(Collected data)
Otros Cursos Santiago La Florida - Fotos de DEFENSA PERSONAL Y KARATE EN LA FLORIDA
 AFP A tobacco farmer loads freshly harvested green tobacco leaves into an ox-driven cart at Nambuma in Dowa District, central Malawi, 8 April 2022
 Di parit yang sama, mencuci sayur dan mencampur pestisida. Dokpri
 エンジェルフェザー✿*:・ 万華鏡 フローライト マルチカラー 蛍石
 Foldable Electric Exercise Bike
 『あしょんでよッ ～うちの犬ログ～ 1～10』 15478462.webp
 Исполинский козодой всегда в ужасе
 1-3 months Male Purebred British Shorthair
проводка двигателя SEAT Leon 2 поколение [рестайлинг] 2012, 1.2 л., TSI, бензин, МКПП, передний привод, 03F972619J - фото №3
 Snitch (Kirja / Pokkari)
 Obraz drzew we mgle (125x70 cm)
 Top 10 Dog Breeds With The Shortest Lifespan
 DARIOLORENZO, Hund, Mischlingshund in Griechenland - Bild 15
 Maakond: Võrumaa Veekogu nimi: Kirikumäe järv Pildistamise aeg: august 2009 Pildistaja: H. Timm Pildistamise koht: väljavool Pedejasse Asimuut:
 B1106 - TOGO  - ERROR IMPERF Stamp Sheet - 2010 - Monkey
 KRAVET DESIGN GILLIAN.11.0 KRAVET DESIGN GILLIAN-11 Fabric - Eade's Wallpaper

What is expected - Take the records above and write each one out again exactly.

Task solution -
Otros Cursos Santiago La Florida - Fotos de DEFENSA PERSONAL Y KARATE EN LA FLORIDA
 AFP A tobacco farmer loads freshly harvested green tobacco leaves into an ox-driven cart at Nambuma in Dowa District, central Malawi, 8 April 2022
 Di parit yang sama, mencuci sayur dan mencampur pestisida. Dokpri
 エンジェルフェザー✿*:・ 万華鏡 フローライト マルチカラー 蛍石
 Foldable Electric Exercise Bike
 『あしょんでよッ ～うちの犬ログ～ 1～10』 15478462.webp
 Исполинский козодой всегда в ужасе
 1-3 months Male Purebred British Shorthair
проводка двигателя SEAT Leon 2 поколение [рестайлинг] 2012, 1.2 л., TSI, бензин, МКПП, передний привод, 03F972619J - фото №3
 Snitch (Kirja / Pokkari)
 Obraz drzew we mgle (125x70 cm)
 Top 10 Dog Breeds With The Shortest Lifespan
 DARIOLORENZO, Hund, Mischlingshund in Griechenland - Bild 15
 Maakond: Võrumaa Veekogu nimi: Kirikumäe järv Pildistamise aeg: august 2009 Pildistaja: H. Timm Pildistamise koht: väljavool Pedejasse Asimuut:
 B1106 - TOGO  - ERROR IMPERF Stamp Sheet - 2010 - Monkey
 KRAVET DESIGN GILLIAN.11.0 KRAVET DESIGN GILLIAN-11 Fabric - Eade's Wallpaper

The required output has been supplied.